MICE then employ an iterative loop focused on one variable with missing data at a time. Within each iteration, a statistical model is built for the target variable leveraging relationships with other variables. The model type (e.g. linear regression) depends on the target variable's nature. Once constructed, the model predicts missing values, effectively updating the data. The loop iterates through all variables, repeating model building, prediction and imputation. Crucially, each iteration incorporates previous imputed values, creating a chain of dependencies. Convergence signifies consistent imputed values and stable parameter estimates. The final imputed values replace the original missing data, resulting in a complete dataset for analysis.

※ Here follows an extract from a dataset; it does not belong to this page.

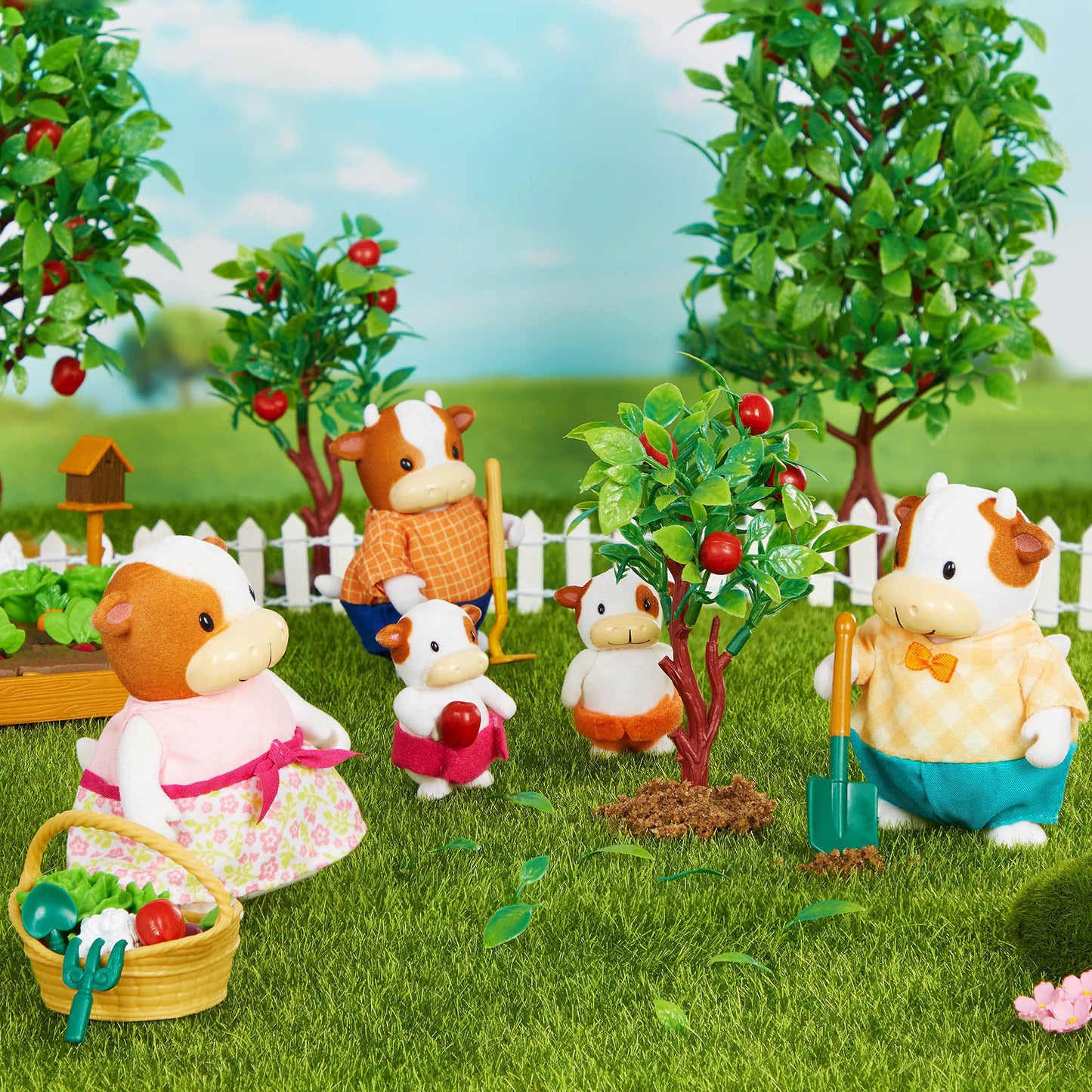 Li'l Woodzeez FitzMoo Cow Family Set - 7 Flocked Posable Figures - Multicolor - Gift Toy for Kids Age 3+ - Model WZ6724Z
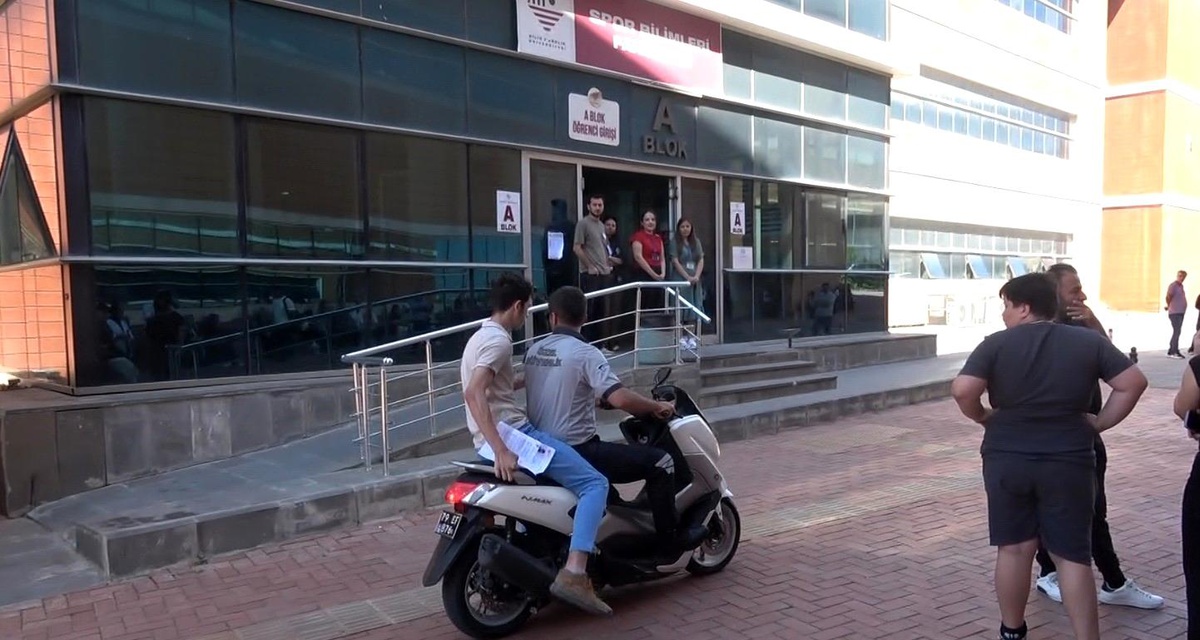 Kilis\'te AYT Heyecanı: Geç Kalana Motosikletli Yardım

MICE assume Missing at Random (MAR) data, where missingness depends only on observed data.
Simple imputation
Simple imputation offers a straightforward approach to handling missing data in datasets. It replaces missing entries with a single value derived from the observed data, typically based on central tendency measures properties of the variable with missing values.
For continuous variables (numerical data), mean imputation fills in missing entries with the average of the observed values. This assumes the missing values are randomly distributed around the mean. For categorical variables, mode imputation replaces missing entries with the most frequent category. This assumes missing values are most likely to belong to the most common category.
This research will specifically implement mean imputation for numerical data features, where the mean of the observed values in each feature will replace missing entries. Similarly, mode imputation will be applied to categorical data features, where the most frequent category within each feature will replace missing entries.
Shapley Additive exPlanations (SHAP)
SHAP, 27 based on game theory, 28 are popular local explanation 29 and model-agnostic approaches. It is designed to elucidate predictions made by any “black-box” classifier 30 classifier. These approaches provide interpretable and faithful explanations for individual predictions by locally learning an interpretable model (e.g. a linear model) around each prediction. More precisely, SHAP estimates feature attributions on individual instances, effectively capturing the contribution of each feature to the “black-box” prediction.
The present study employed SHAP to elucidate the feature-level contributions within a hybrid model comprising
SHAP values are often visualized using force plots or bee-swarm plots. Each feature receives an arrow (positive Shapley value pushes the prediction up, negative pulls it down). The sum of all arrow balances at the final prediction, resembling the balanced scales of justice. These visualizations reveal patterns, outliers and potential biases in the model's decision-making process.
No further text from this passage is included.